Currently, it flies directly to Chicago, Washington, New York, and Los Angeles in the United States and Toronto, Canada.
For airlines, launching direct flights saves them on fuel costs which in turn they are able to either reduce their ticket prices or price them competitively in order to attract customers.
Fuel accounts for about 36 per cent of an airline’s operational costs, thus airlines place an extra charge in their tickets in a bid to reimburse for the fuel prices putting off customers, according to research conducted by the African Airlines Association (AFRAA) on the taxes and charges in African aviation.
“Airlines will frequently put fuel surcharge on tickets to compensate for increasing fuel prices. It is estimated that most airlines would recover about 40 per cent to 70 per cent of their additional fuel costs through surcharges.
This, unfortunately, puts ticket prices way beyond the means of the majority of passengers.
“Additionally, fuel prices at some stations in Africa are over twice the world average and have a very adverse impact on the competitiveness of African airlines,” reported AFRAA.
In the case of Kenya Airways, for instance, it is set to launch direct flights to New York, US in October this year.
Travelling from Nairobi to the US is 6,381 nautical miles on a direct flight while on a connecting flight, at the moment connect via Europe, (Nairobi to Europe is 3,693 nautical miles) and Europe to the US is 3,443 nautical miles, therefore, the distance adds up to 7,136 nautical miles.
This will reduce the miles travelled to the US, therefore saving on and reducing air tickets.
“For KQ, its fares will be cheaper because they do not have to deal with the heavy navigational charges of the European Union. On an impact basis, this will open up the freight market between Africa and the USA, which is far cheaper than Europe. It will also bring tourism to this side of Africa.

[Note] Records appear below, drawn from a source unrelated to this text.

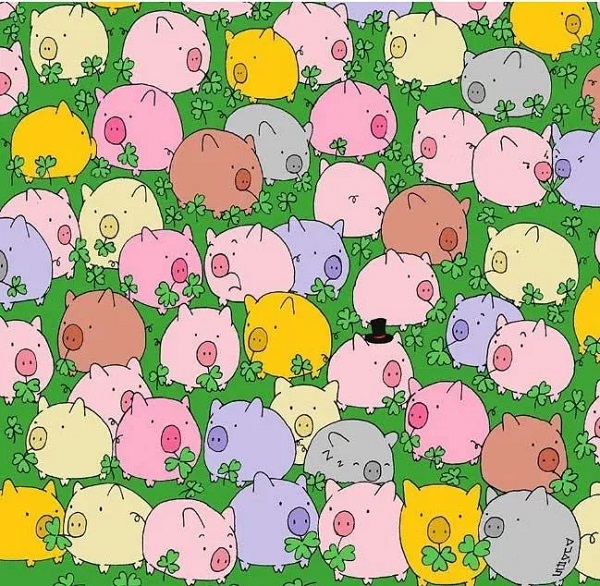 Foto - Sosyal medyada çok popüler | Ne kadar dikkatlisin tıkla gör!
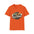 Bad Timing Graphic T-Shirt — Retro Meteor Earth Design - Creations by Chris and Carlos
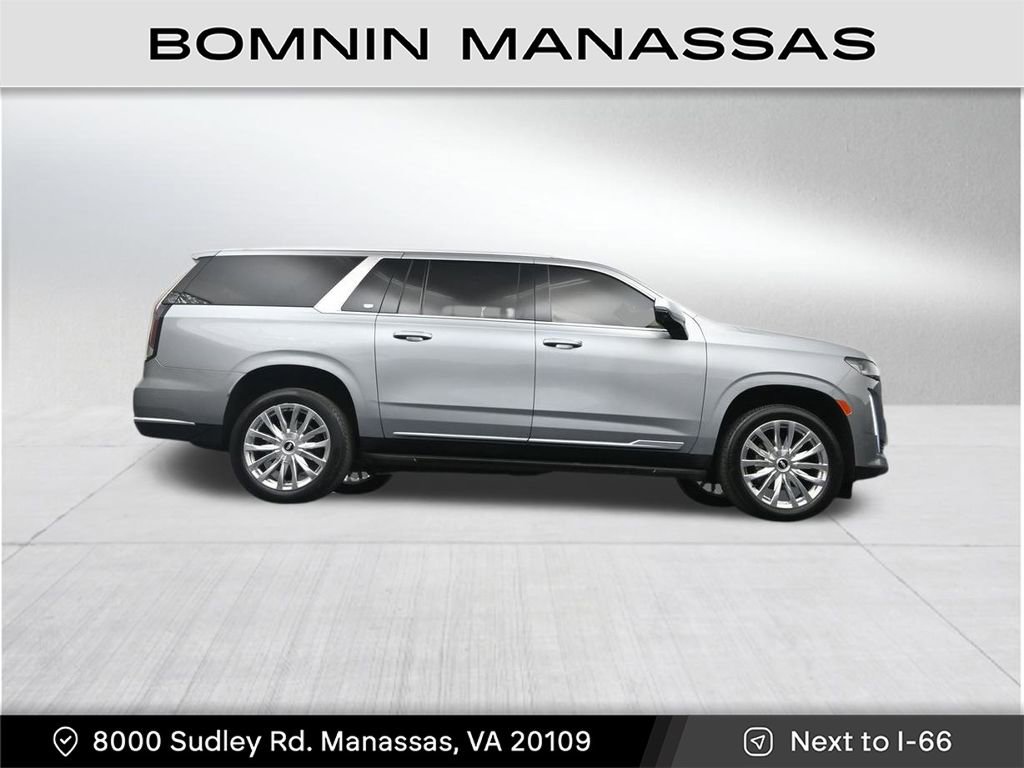 Used 2024 Cadillac Escalade ESV Premium Luxury AWD/4WD image 41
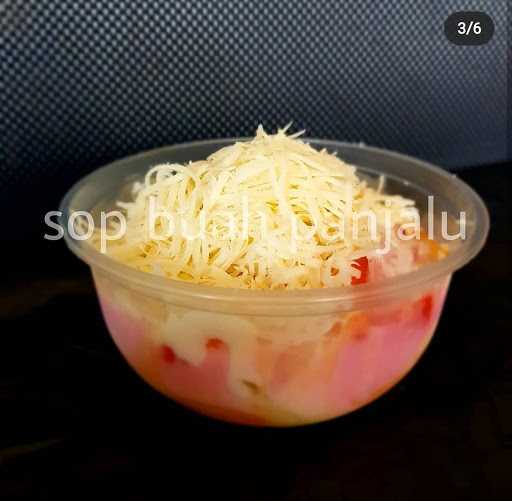 Healthy Salad Buah Panjalu 3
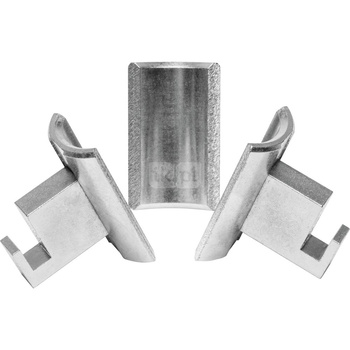 Szczęki mocujące do R 80/100/R 140 W, 22 mm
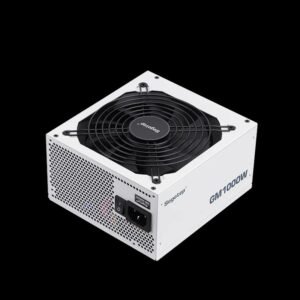 2025/12/1000381573.jpg Segotep GM1000W 80+ Gold PSU | Fully Modular | PCIe 5.1 Ready | ATX 3.1 Compliant | Smart Cooling | High Efficiency | Wide Voltage Support | White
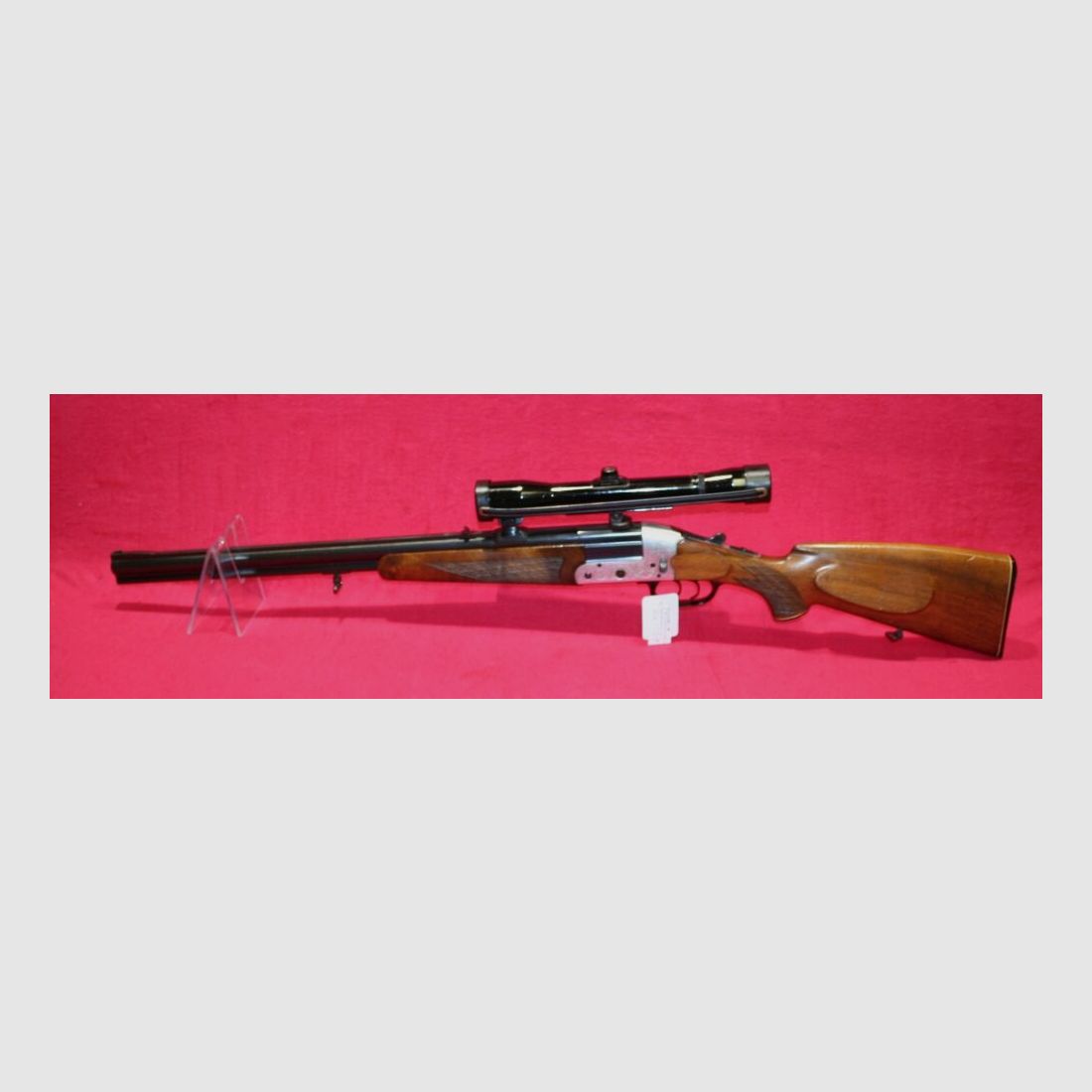 F.W. Heym Modell 22 F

Although the main impact will be in terms of freight since the far west will give Europe a run for their money,” said Francis Muyodi, airline cargo consultant.
Indeed, connecting via the UK for instance, freight is charged per kilogramme at a tax rate of £0.01.
Transfer of freight from one aircraft to another is also charged, therefore, the impact could be significant on total trade flows, with one cargo aircraft from Kenya to the US capable of transporting 90,000 to 100,000 tonnes daily.